Ben said:
I have several Dell PE6650's running Win2K Server in a
RAID5 configuration. A couple of these servers host a
huge Oracle database and we are experiencing performance
issues. The DBA suggests enabling write caching for
troubleshooting purposes but when I get to that option in
the disk properties, the option is dimmed out so that I
cannot enable.
Can anyone tell me how to un-dim this option so that I can
enable write caching?
Thanks, Ben
While I can't help you enable the write cache option, I have had more than
just a bit of experience with Oracle databases. Some of the more immediate
suggestions (and I'm sure you've already tweaked some of them):
* Use RAID 1 instead of RAID 5. The performance is much better.
* Do some experimentation with DB_BLOCK_SIZE (if you have a spare machine)
to find the sweet spot for your disk drives' formatted allocation size.

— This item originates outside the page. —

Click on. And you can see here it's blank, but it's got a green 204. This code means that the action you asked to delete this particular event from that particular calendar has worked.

(There's actually a formula and some methodology you can use, but I don't
have it available right now.)
* Ensure your SHARED_POOL_SIZE and DB_BLOCK_BUFFERS is large enough,
especially the SHARED_POOL_SIZE. If SHARED_POOL_SIZE is too low, you won't
get the full advantage of your DB_BLOCK_BUFFERS.
* Set SHARED_POOL_RESERVED_SIZE and SHARED_POOL_MIN_ALLOCATION to get those
large requests into a less fragmented section of memory.

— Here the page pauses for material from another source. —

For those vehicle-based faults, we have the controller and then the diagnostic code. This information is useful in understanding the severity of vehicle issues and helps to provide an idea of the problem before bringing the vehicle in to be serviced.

* For your static data - the stuff that doesn't get updated much (read
mostly) - use the CACHE parameter to pin the data in memory.
* If you have some intimate knowledge of the database application, group the
tables and indexes into separate tablespaces and store the tablespaces on
logically and physically separate drives to reduce I/O contention.
The biggest performance gain will come from this next one ...
* Shoot the programmer for not taking the time to TKPROF and optimize the
SQL statements.
(There is only so much the SysAdmin or DBA/DBM can do. More often than not,
it is the programmers that mess up performance.)